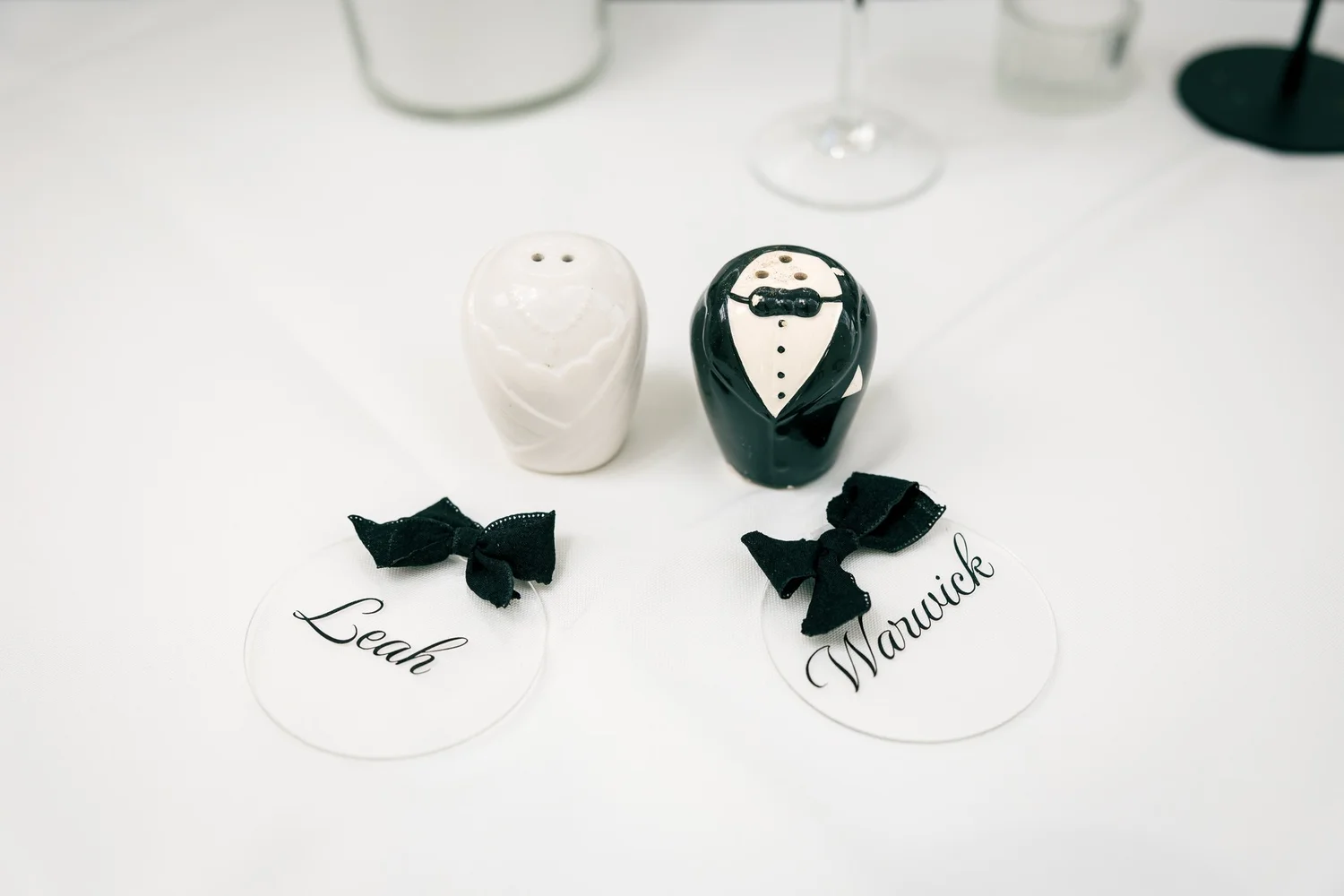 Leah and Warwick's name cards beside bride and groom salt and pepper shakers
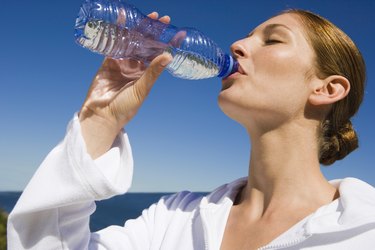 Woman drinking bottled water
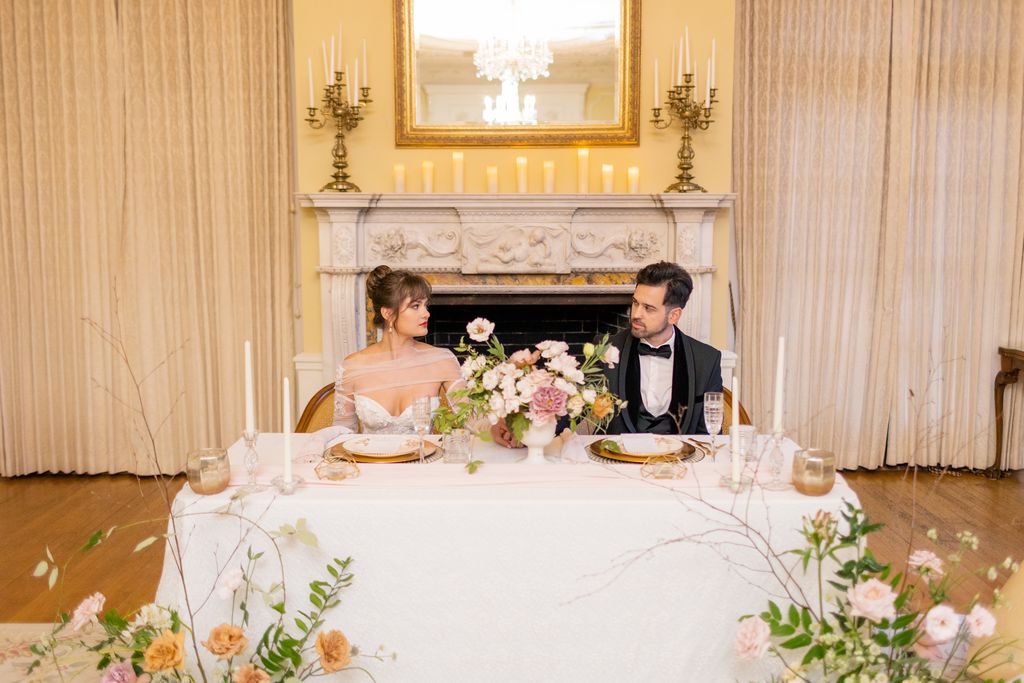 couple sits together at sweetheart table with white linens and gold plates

What is needed | Only the lines from the one containing "Woman drinking bottled water" through the last line of the data above, both included, belong in the reply, each restated exactly and without pictures.

Written response |
 Woman drinking bottled water
 couple sits together at sweetheart table with white linens and gold plates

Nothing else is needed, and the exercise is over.